Business 35801
Corporation Finance for Executives
Professor Amit Seru
Sample Midterm
Instructions: You have 1 hour and 40 minutes to complete this exam. The total possible score you can
achieve is 125. Make sure to read the questions carefully and budget your time. Do not turn this page until
instructed.
1. True/False- Short Explanation Questions (25 points)
Indicate whether the statements below are true or false. If the answer is true, explain why
it is true. If the answer is false, explain why it is false. Feel free to give examples or
counter examples.

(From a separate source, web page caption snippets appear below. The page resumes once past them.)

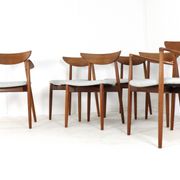 Set of 4+2 Harry Ostergaard for Randers Møbelfabrik chairs - danish design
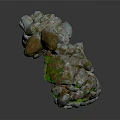 Moss Covered Rocky Stone Mythical Creature Game Movie Character With Natural Element Features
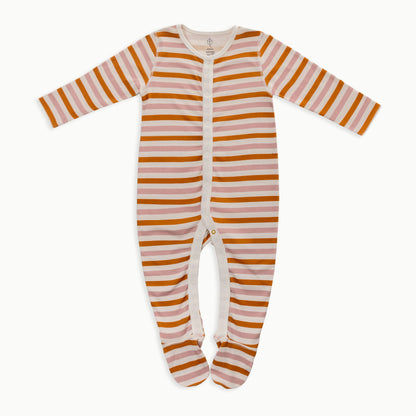 Organic Cotton Baby Sleeper, 2-Pack | Rainbow + Striped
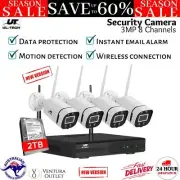 UL-tech 3MP Wireless CCTV Security Camera System Home Outdoor Surveillance 2TB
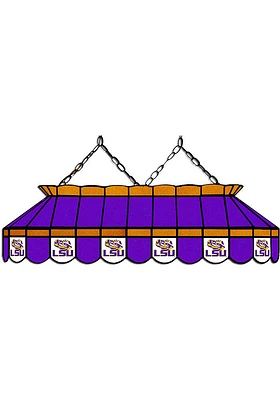 LSU Tigers 40 Inch Stained Glass Purple Billiard Lamp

Although there may be a variety of reasons answers are true or false, I
am looking specifically for reasons discussed in the lectures, readings, and cases of this
course.
(a) Two firms have the exact same cash flows from the project on the asset side and those
cash flows have identical covariance with the market. These firms have the same
NPV (5 points)
True: Discount rate of such firms r_A will be the same since they have same
covariance with the market. Since cash flows are the same, value will be the same.
(b) Does Not Exist Corp (DNEC) is a firm with operating assets. As DNEC’s leverage
increases, the empirical data show that both its required return on equity (rE) and
required return on debt (rD) increase. Therefore, as leverage increases, DNEC’s value
decreases (5 points)
False. Discount rate r_A is independent of the leverage of the firm. Thus value of the
firm should not change with leverage.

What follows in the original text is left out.